Remember, Tomlin and former offensive coordinator Bruce Arians once reached this point, too. Arians has said he thought Tomlin was calling him following the 2011 season to give him a raise for his work. Instead, Tomlin fired him — what Arians has said he considered a "betrayal." Tomlin wanted certain changes in the offensive design to better protect the quarterback, and Arians had balked at the suggestions. There was no love lost between them after that.

Roethlisberger and Arians were extremely close, and despite the QB's soft-edged words on Haley, it's fair to say they never quite reached the same relationship that Arians and Roethlisberger ever did. It's most certainly obvious that Tomlin and Haley had reached a point of no return also.

So will the Steelers choose a replacement with whom Roethlisberger is close? He's said to work well with quarterbacks coach Randy Fichtner, and offensive line coach Mike Munchak declining a second head-coaching interview with the Arizona Cardinals seems to suggest that he's in line for a big pay raise at the very minimum.

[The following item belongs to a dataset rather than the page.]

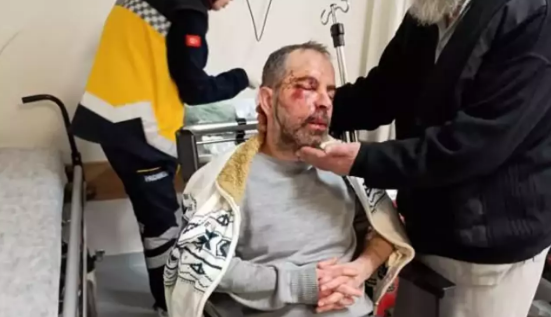 Konya’da köpek saldırısı!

Either way, the man who now comes into sharper focus is Tomlin. His coaching errors in the Jaguars loss are not at all above reproach, and the window to win another Super Bowl with Roethlisberger — no matter who is calling plays — is close to closing. Can Tomlin elevate this team and find harmony with his coaches and star players? If the answer is no, there are only so many people left to make scapegoats following yet another disappointing end to a season.